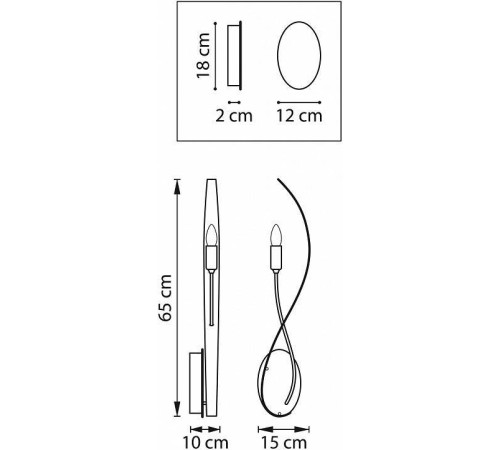 Бра Lightstar Ragno 733517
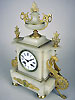 french alabaster mantel clock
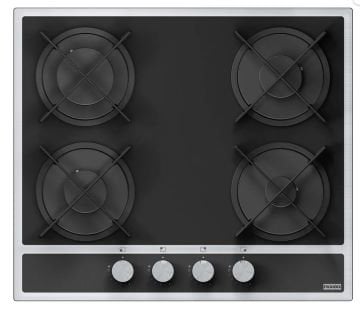 TEŞHİR FRANKE MARİS FHMA 604 4G ML E SİYAH+ İNOX CAM OCAK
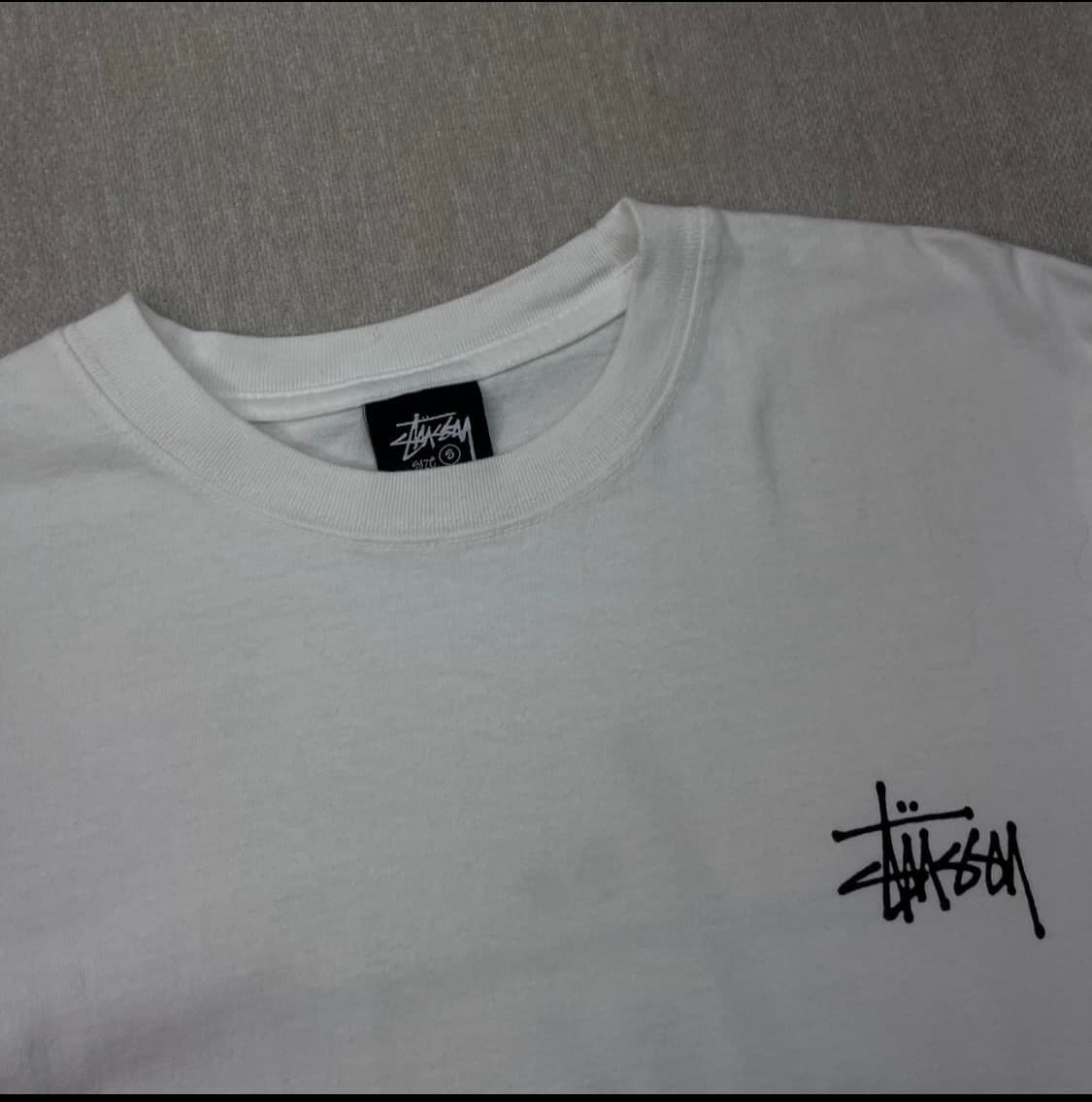 스투시 베이직 롱슬리브 티셔츠 화이트 상품이미지4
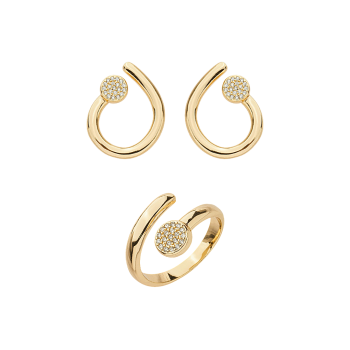 Imagem de Conjunto Minimalista Orgânico com Zircônias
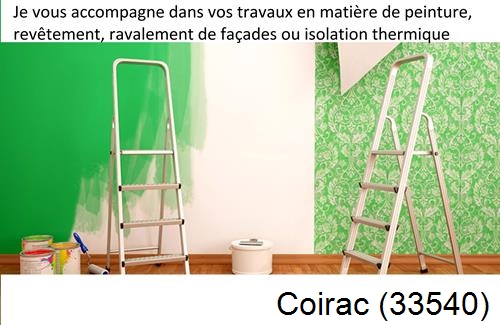 Peintre sols à Coirac-33540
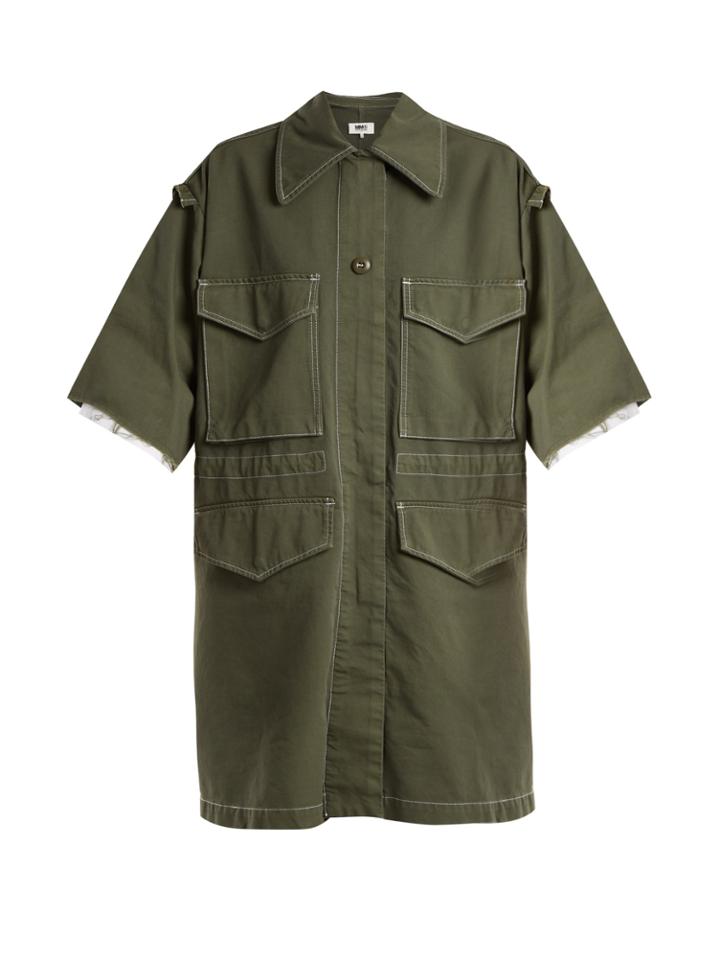 Mm6 Maison Margiela Patch-pocket Cotton-canvas Jacket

Exercise directions: Could you reproduce every record above exactly, leaving out any pictures?

Answer to the problem:
 Бра Lightstar Ragno 733517
 french alabaster mantel clock
 TEŞHİR FRANKE MARİS FHMA 604 4G ML E SİYAH+ İNOX CAM OCAK
 스투시 베이직 롱슬리브 티셔츠 화이트 상품이미지4
 Imagem de Conjunto Minimalista Orgânico com Zircônias
 Peintre sols à Coirac-33540
 Mm6 Maison Margiela Patch-pocket Cotton-canvas Jacket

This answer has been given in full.